To deploy IBM Granite as a private AI coding assistant in OpenShift Dev Spaces using the Continue extension, follow these steps:

Go to the Developer Sandbox, which requires creating a Red Hat account. Once you’ve created an account, you should be able to access OpenShift Dev Spaces.
To access OpenShift Dev Spaces, visit your user dashboard (Figure 1).

Figure 1. Red Hat OpenShift Dev Spaces user dashboard.
In the user dashboard, go to the Create Workspace tab and enter the repository URL for this activity, https://github.com/redhat-developer-demos/cde-ramalama-continue, then select Create & Open to proceed (Figure 2).

Figure 2. Starting the cloud development environment from the GitHub URL.

Note

As the workspace starts up, you will be prompted to grant authorization to the GitHub OAuth app.

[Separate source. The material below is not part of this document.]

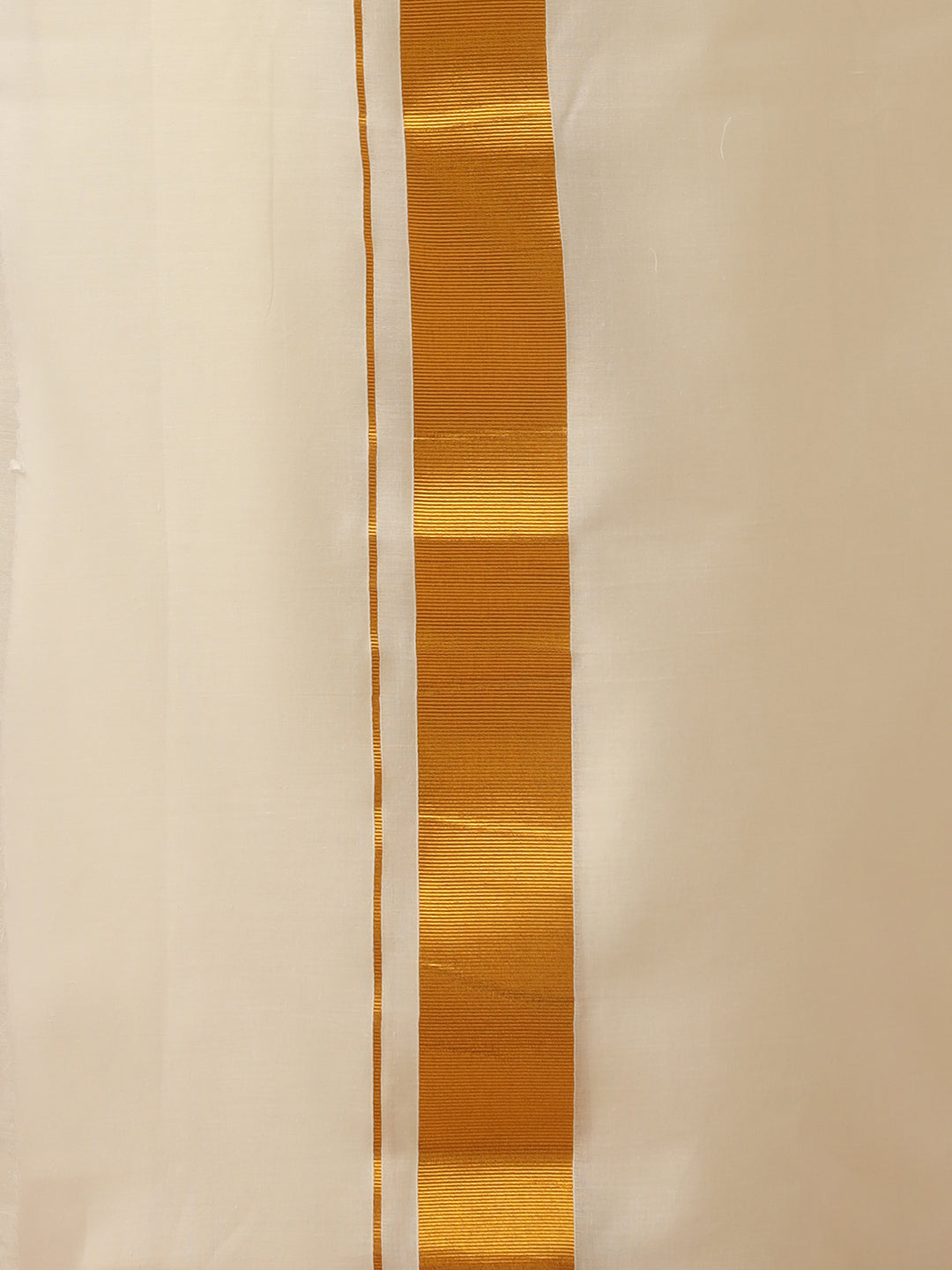 Men Cotton Blend Double Layer Cream Dhoti with 2" Jari Border Gold Fine Pet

After the workspace initializes, you will be prompted to confirm whether you trust the authors of the files within it. To proceed, click Yes, I trust the authors (Figure 3).

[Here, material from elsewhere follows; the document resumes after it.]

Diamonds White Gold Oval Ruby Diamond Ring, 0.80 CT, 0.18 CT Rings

Figure 3. Visual Studio Code - Open Source (Code - OSS) warning pop-up.
Your workspace will be automatically configured to install the Continue extension on startup. It is the extension we will be using to connect to the LLM running in our cloud workspace environment (Figure 4).

Figure 4. The Continue extension enables connecting to AI models.
Notice that your workspace will notify you about the process running in the background. This is the LLM configured to serve our queries whenever we connect the Continue extension to it.

Figure 5. RamaLama running the AI model served in the background.
Once the Continue extension gets installed, you can open it by clicking the Continue icon on the left sidebar. Click on the remain local option. Your workspace already contains the configuration to connect to the LLM running locally.

Figure 6. Continue extension connected to the IBM Granite model served by RamaLama.
Once you're connected to an LLM, you will be presented with a text box where you can issue prompts for the Large Language Model. Type a query in the chatbox to see how your AI assistant responds (Figure 7).

Figure 7. Using the Continue extension to write a simple data validation program.